The aforementioned reasons, in varying degrees, resulted in four general elections taking place in quick succession after the demise of Ziaul Haq. Even the present PPP government has hardly spent two years in office, yet we have started hearing calls for mid-term elections from Imran Khan and the like. There is a likelihood that these voices would become louder in the days to come and one would not be very surprised if even Nawaz Sharif, who has repeatedly asserted that his shoulders are not available for any undemocratic change, starts asking for the same.
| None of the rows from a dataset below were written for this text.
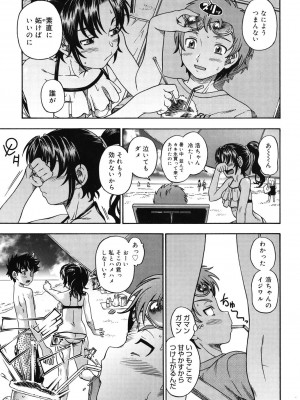 [フクダーダ] 相思相愛ノート [DL版]_202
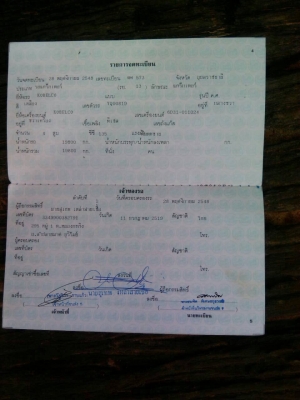 ขายมาร์ค2ตัวเดินดีเอวดีพร้อมใช้งานเอกสารเล่มทะเบียนรถใช้งานทุกวันครับ ขายมาร์ค2ตัวเดินดีเอวดีพร้อมใช้งานเอกสารเล่มทะเบียนรถใช้งานทุกวันครับ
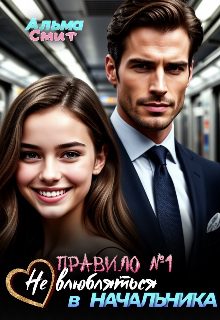 Обложка книги «Правило №1: Не влюбляться в начальника»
In the given scenario, why should we not approach the matter in an unbiased manner and consider reducing the duration of the assemblies from five to four years? By reducing the tenure of assemblies by 20 percent, we can increase the sense of being accountable and consequently the efficiency of elected governments by the same ratio, at least in theory, as there is a direct correlation between the efficiency of governments and the expiry of their term. The farther the expiry date, the more lax or laid back a government becomes.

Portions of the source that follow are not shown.